SEOの歴史はGoogleのアップデートの歴史
SEOとは、検索結果で上位に表示されるように検索アルゴリズム対策をして、Webサイトを最適化していくことです。
検索エンジンの登場以来、Webサイトの所有者は自身のサイトをいかに検索結果の上位に表示させるか試行錯誤を続けています。
今回はSEOの参考に、これまでのSEOの歴史をGoogleのアップデートを中心に紹介していきます。
検索エンジンの変遷とSEO
検索エンジンは1990年に世界初と呼ばれる「Archie」が誕生して以来、1990年から2000年にかけて次々とサービスが提供されるようになりました。
検索エンジンの進化とともにSEOも変化してきました。
ここでは検索エンジンの変遷を解説します。
ディレクトリ型検索エンジン

1994年から1996年にかけて、Lycos、Yahoo!、Excite、infoseek、Yahoo!JAPANが誕生し、ディレクトリ型検索エンジンが台頭します。

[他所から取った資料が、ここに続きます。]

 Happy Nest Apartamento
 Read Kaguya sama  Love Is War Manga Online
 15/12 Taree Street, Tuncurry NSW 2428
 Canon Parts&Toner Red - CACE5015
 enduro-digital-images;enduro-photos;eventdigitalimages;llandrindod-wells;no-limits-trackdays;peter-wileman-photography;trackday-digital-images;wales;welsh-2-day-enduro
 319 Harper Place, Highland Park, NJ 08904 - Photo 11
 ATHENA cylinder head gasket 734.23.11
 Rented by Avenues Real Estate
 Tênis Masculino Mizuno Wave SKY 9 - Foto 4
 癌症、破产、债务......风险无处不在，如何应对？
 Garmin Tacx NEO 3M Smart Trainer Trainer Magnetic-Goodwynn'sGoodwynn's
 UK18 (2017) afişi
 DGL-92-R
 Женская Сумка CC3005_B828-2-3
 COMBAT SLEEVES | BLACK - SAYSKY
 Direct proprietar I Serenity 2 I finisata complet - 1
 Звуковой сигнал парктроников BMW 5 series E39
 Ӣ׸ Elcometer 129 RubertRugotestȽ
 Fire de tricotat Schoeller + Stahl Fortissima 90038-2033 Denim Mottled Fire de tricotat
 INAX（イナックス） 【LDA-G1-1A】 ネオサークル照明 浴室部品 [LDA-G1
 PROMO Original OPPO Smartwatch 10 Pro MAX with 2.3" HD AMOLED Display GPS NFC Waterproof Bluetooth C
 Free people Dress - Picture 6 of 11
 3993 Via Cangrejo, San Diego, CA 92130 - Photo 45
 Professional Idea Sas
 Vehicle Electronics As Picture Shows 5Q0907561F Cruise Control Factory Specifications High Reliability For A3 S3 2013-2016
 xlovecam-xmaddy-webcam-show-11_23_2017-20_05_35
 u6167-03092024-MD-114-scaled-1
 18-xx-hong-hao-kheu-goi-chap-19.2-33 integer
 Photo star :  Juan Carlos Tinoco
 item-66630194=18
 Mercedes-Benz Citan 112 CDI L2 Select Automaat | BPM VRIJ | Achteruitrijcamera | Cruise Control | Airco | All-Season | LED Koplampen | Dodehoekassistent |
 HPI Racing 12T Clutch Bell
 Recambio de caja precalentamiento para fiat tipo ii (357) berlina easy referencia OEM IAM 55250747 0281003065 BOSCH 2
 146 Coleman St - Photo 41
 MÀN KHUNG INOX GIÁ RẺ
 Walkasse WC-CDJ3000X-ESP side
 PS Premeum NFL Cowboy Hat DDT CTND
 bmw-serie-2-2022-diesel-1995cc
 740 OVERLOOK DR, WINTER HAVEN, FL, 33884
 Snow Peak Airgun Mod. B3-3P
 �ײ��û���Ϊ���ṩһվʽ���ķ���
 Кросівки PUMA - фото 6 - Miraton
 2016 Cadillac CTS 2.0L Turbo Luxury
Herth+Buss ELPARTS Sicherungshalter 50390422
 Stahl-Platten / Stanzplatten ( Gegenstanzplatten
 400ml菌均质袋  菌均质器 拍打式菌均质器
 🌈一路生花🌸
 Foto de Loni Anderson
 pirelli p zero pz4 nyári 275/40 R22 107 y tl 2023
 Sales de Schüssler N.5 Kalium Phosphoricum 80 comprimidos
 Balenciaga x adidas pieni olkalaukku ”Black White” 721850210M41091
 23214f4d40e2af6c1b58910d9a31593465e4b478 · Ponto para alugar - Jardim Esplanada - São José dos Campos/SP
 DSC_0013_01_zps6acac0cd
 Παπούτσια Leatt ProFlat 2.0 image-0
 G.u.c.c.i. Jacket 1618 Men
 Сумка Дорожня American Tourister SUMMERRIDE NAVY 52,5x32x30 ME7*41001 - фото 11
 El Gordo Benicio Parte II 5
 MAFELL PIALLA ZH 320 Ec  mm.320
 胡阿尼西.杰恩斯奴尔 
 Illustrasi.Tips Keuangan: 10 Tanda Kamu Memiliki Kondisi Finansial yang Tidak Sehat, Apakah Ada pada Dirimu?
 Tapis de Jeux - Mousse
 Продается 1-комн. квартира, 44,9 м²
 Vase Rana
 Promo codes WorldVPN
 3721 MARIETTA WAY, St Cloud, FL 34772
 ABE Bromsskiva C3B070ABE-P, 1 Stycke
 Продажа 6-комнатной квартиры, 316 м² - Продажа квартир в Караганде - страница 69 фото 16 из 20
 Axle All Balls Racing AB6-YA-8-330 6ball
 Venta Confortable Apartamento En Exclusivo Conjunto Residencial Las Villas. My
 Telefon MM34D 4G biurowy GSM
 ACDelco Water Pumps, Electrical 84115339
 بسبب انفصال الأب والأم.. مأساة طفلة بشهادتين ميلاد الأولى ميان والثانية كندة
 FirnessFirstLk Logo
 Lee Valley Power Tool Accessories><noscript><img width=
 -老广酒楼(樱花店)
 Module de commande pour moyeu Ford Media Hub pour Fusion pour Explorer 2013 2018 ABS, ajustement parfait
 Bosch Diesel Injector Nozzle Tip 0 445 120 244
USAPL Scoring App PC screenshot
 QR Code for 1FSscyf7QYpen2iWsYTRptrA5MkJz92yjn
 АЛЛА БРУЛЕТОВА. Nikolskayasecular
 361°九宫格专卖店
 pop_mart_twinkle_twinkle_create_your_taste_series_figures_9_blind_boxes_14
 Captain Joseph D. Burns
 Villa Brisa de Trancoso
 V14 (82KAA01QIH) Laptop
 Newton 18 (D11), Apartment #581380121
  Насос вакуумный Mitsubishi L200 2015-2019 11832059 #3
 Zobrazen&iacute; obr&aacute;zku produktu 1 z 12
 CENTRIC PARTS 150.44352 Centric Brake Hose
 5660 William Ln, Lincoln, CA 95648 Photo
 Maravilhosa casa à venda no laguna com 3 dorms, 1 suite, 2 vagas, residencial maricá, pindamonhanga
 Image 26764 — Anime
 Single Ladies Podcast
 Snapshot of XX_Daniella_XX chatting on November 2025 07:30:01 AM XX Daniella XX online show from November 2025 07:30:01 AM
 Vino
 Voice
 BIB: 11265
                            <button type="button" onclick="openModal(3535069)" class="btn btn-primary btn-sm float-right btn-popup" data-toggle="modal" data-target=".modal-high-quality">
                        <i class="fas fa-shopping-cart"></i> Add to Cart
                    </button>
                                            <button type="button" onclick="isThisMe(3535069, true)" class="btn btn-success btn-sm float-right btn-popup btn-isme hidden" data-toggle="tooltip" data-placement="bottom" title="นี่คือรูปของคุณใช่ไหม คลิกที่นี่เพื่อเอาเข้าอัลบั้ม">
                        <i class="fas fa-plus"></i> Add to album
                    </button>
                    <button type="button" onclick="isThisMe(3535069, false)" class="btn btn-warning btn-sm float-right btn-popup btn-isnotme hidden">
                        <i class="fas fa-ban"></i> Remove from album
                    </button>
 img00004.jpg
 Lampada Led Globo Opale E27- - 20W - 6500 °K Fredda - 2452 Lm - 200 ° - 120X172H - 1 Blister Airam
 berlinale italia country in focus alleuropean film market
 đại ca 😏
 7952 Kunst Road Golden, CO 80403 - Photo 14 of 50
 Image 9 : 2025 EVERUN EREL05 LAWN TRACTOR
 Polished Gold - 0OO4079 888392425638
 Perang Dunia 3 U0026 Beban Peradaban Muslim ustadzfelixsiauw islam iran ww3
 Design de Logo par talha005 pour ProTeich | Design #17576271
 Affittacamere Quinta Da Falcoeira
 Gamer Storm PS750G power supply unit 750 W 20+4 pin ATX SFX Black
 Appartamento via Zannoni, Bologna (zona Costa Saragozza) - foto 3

ディレクトリ型検索エンジンは、運営会社が人手作業で構築したWebディレクトリ内を検索するシステムです。ディレクトリという名称が聞き慣れないならば、パソコンのフォルダをイメージするとよいでしょう。
ディレクトリ型検索エンジンは、収集されたWebサイトの情報を人間が1件1件カテゴリに分類し、その情報をフォルダ分け管理することで、Webサイトの検索をしようという仕組みです。
ディレクトリ型検索エンジンにおけるSEOは、同一カテゴリ内でWebサイトを競合サイトよりも上位に表示させることでした。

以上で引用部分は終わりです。